Bonnaroo Attendee 'Hopes to Be Clean Soon'

Maybe another dozen showers will do it

Published on July 23, 2008 at 9:37am

Horton Houston of Murfreesboro, who attended the Bonnaroo Music and Arts Festival almost two months ago, says that he may feel clean again with perhaps only another dozen daily showers.

"I think I can see the light at the end of the tunnel, hygiene-wise," the soft-spoken insurance clerk says. "I mean, I'm not some sort of neat freak, but three days of living in a dusty field with no way to get clean, combined with another eight hours or so stuck in traffic to and from the place—I was pretty caked over."

Houston says the first month after returning from Bonnaroo, every shower would result in muddy water flowing down the drain.

"I'm kind of not sure where all that dirt was, but I've talked to people who have attended Bonnaroo in the past, and they tell me it's completely normal to have it coming off for a couple of months. Some years when a hard rain comes, the mud factor makes things even worse."

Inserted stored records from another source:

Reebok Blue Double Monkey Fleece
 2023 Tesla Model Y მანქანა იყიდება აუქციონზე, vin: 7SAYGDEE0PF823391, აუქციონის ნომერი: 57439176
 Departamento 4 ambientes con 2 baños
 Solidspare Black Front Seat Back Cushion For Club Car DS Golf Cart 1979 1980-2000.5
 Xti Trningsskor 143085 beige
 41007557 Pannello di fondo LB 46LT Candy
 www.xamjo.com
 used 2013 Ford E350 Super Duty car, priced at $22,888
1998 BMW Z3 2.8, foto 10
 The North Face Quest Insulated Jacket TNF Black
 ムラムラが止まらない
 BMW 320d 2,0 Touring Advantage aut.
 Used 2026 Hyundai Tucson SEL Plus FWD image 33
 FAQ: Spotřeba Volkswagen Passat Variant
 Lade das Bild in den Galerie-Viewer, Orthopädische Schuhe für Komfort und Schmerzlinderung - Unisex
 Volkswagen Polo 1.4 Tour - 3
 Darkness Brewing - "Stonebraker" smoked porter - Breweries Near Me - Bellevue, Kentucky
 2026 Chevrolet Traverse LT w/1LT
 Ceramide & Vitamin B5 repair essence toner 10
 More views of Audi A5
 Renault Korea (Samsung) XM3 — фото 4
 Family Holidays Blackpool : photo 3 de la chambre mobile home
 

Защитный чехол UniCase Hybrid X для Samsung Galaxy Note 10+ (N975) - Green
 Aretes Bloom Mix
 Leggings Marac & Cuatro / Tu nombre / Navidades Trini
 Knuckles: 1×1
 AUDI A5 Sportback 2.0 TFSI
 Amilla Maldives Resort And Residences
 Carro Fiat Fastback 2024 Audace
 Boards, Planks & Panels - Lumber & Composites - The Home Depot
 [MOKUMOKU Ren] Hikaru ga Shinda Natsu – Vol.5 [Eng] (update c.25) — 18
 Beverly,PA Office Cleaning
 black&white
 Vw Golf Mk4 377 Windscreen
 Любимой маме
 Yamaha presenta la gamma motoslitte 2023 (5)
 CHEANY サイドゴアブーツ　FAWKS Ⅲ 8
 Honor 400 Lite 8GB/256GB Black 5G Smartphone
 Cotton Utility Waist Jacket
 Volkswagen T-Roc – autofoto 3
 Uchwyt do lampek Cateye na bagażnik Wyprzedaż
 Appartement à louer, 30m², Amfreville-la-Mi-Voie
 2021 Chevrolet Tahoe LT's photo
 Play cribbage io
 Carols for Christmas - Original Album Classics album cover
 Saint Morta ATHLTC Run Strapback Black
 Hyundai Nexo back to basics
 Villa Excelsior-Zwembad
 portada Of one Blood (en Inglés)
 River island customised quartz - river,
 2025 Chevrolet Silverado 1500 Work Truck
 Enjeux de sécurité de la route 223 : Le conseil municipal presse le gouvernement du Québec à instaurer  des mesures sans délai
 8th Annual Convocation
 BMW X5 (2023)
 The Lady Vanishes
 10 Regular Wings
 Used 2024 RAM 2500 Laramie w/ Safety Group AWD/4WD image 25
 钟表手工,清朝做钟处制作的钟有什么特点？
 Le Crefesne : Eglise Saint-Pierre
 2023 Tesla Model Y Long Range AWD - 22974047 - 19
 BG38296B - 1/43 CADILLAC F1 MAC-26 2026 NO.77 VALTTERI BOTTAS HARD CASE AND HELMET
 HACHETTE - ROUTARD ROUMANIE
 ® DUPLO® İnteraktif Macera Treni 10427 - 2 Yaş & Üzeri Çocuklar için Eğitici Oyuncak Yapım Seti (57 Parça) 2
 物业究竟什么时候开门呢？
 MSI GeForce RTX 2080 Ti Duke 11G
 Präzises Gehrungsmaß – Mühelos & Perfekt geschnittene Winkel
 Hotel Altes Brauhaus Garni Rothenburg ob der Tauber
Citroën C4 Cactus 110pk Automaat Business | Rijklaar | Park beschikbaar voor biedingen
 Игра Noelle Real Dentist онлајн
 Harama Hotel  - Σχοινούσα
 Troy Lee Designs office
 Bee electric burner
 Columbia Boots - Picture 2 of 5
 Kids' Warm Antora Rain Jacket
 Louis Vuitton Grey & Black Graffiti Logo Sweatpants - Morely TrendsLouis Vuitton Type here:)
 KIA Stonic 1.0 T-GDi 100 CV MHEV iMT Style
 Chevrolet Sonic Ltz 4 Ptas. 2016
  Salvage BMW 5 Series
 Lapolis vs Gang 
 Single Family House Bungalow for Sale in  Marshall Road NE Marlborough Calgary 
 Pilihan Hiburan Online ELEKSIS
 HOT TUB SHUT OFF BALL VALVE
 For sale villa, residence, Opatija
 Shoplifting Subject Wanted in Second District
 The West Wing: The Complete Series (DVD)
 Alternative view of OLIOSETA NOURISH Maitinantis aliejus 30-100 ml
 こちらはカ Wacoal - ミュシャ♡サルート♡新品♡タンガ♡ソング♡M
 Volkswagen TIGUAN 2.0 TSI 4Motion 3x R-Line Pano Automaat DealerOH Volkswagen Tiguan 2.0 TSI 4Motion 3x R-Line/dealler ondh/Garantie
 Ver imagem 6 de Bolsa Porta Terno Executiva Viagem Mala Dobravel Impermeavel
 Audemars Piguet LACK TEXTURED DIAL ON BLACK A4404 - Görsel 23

Self-described "hippie chick" Zinia Jones-Turley says that she sometimes speeds up the post-Bonnaroo cleanup by bathing up to 20 times a day in the first week after the festival's end.

"I use Clairol Herbal Essences shampoo and basically use it not only for my hair, but all over," she says. "Sometimes I feel sort-of clean in only a week, but I have to take time off from my job to commit to constant bathing. It's just part of the Bonnaroo experience for me."

Experiencing all that dirt may have a positive side effect for soil-encrusted music fans.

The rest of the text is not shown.